The figures are the latest indication of an acceleration in economic growth in the second quarter.
The Commerce Department said retail sales jumped 0.8% last month, the biggest advance since November 2017.
Data for April was revised up to show sales rising 0.4% instead of the previously reported 0.2% gain.
Economists polled by Reuters had forecast retail sales rising 0.4% in May. Retail sales in May increased 5.9% from a year ago.
Excluding cars, gasoline, building materials and food services, retail sales increased 0.5% last month after an upwardly revised 0.6% increase in April.
These so-called core retail sales correspond most closely with the consumer spending component of gross domestic product. They were previously reported to have risen 0.5% in April.
The Federal Reserve raised interest rates last night for the second time this year. The Fed forecast two more rate hikes for 2018.
The Fed said "economic activity has been rising at a solid rate" and "growth of household spending has picked up."

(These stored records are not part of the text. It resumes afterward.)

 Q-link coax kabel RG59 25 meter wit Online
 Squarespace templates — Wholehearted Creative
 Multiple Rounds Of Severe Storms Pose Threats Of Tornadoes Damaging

The strong retail sales report added to data ranging from the labour market to manufacturing and trade in suggesting the economy was regaining momentum in the second quarter after growth slowed at the start of the year amid a sharp step-down in consumer spending.
US growth estimates for the April-June quarter are as high as a 4.6% annualised rate. The economy grew at a 2.2% rate in the first quarter.
In May, car sales rose 0.5% after gaining 0.2% in April.
Receipts at service stations surged 2%, reflecting higher gasoline prices.
Prices at the pump have risen by 15.5% this year, according to US Energy Information Administration data. Expensive gasoline, if sustained, could pull spending away from other categories.
Sales at building material stores rebounded 2.4% last month after declining 0.8%in April.
Receipts at clothing stores surged 1.3%, the largest gain since March 2017.
There were also increases in online retail sales, but receipts at furniture stores fell 2.4%, the largest drop since December 2013.
Sales at restaurants and bars in the US also jumped 1.3%, the biggest gains since January 2017.